La burtleina dà il meglio di sé quando è ancora calda, appena tolta dalla padella. Si gusta da sola, oppure accompagnata dai salumi piacentini DOP (vale a dire la coppa, la pancetta ed il salame) e ai formaggi morbidi, in primis gorgonzola.
Le origini della bortellina si perdono nel lontano passato, poiché, essendo realizzata con ingredienti poveri trovava facilmente posto anche sulle tavole dei meno abbienti.

BURTLEINA PIACENTINA

Dosi per circa 10 frittatine di media grandezza

400 gr farina
acqua q.b.
sale q.b.
1 cipollotto tritato (opzionale)
strutto od olio per friggere

Si prepara una pastella morbida e abbastanza liquida stemperando per bene la farina con l’acqua in una zuppiera.
Si aggiusta di sale e si lascia riposare il composto per circa mezzora.
Si possono aggiungere alla pastella alcune cipolline tagliate finemente, per dare maggior sapore al tutto.
In una padella si fa scaldare un po' d'olio (la ricetta originale prevede l'utilizzo di strutto, ma in questo modo è “lievemente più leggera”!).
Il tipo di olio è legato ai gusti personali, a me ad esempio per friggere non piace l'olio extravergine di oliva che trovo invece eccezionale a freddo, solitamente io utilizzo l'olio di arachidi.

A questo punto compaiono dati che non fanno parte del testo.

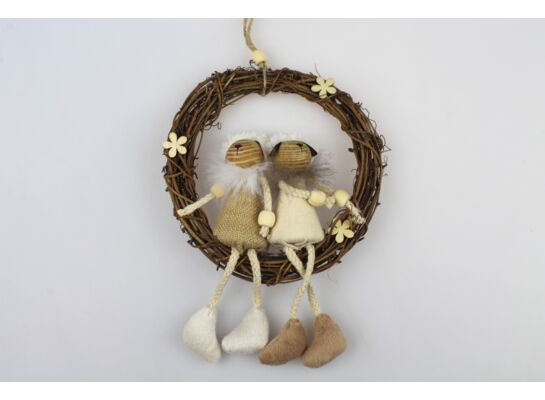 Wianek 16 cm zielony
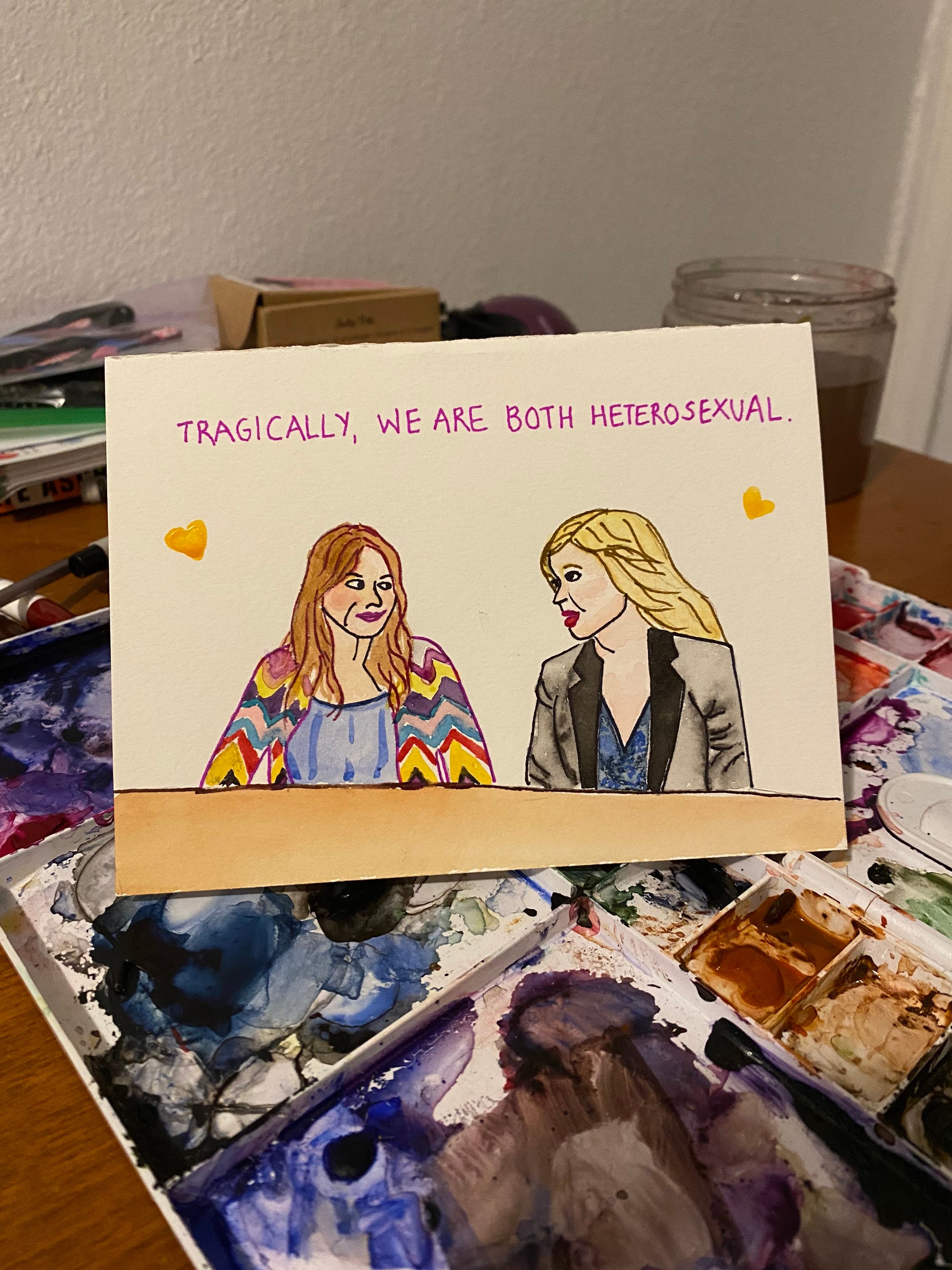 Tragically We Are Both Heterosexual. Valentines Day Card - Etsy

Inoltre l'olio di arachidi non dona nessun particolare sapore al piatto, come invece accade per l'olio extravergine d'oliva.
Si versa un mestolino del composto cercando di creare velocemente uno strato sottile quasi come una crepes. La pastella, infatti inizia a rapprendersi molto velocemente. Si lascia dorare un lato (circa 1 – 2 minuti) e poi si gira per far cuocere anche l'altro lato. Si passa su carta assorbente per eliminare l'olio in eccesso e si degusta calda.



La ricetta in sé appare semplicissima, in effetti la difficoltà maggiore è capire quale è la collosità ideale della pastella che non deve essere né troppo liquida né troppo densa.




L'abbinamento con il capocollo calabrese DOP è qualcosa che non può essere spiegato a parole … deve essere degustato!